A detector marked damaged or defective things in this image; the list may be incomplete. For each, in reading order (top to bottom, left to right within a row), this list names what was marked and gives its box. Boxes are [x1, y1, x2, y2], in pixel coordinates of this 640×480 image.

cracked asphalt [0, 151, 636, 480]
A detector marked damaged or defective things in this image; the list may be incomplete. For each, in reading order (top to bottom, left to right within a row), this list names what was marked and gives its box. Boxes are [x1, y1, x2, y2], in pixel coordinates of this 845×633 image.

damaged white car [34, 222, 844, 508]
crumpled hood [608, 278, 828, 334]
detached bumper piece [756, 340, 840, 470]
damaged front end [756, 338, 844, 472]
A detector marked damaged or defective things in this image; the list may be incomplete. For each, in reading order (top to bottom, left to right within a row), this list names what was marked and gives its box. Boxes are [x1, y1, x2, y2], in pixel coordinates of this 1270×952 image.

TASK BRIEF: An exact repetition of the data above is all that is needed.

YOUR SOLUTION:
A detector marked damaged or defective things in this image; the list may be incomplete. For each, in reading order (top to bottom, left to right within a row), this list names what was marked and gives its box. Boxes are [x1, y1, x2, y2], in pixel coordinates of this 640×480 image.

cracked asphalt [0, 151, 636, 480]
A detector marked damaged or defective things in this image; the list may be incomplete. For each, in reading order (top to bottom, left to right within a row), this list names what was marked and gives its box. Boxes are [x1, y1, x2, y2], in pixel coordinates of this 845×633 image.

damaged white car [34, 222, 844, 508]
crumpled hood [608, 278, 828, 334]
detached bumper piece [756, 340, 840, 470]
damaged front end [756, 338, 844, 472]
A detector marked damaged or defective things in this image; the list may be incomplete. For each, in reading order (top to bottom, left to right within a row), this list names what was marked and gives its box. Boxes are [x1, y1, x2, y2], in pixel coordinates of this 1270×952 image.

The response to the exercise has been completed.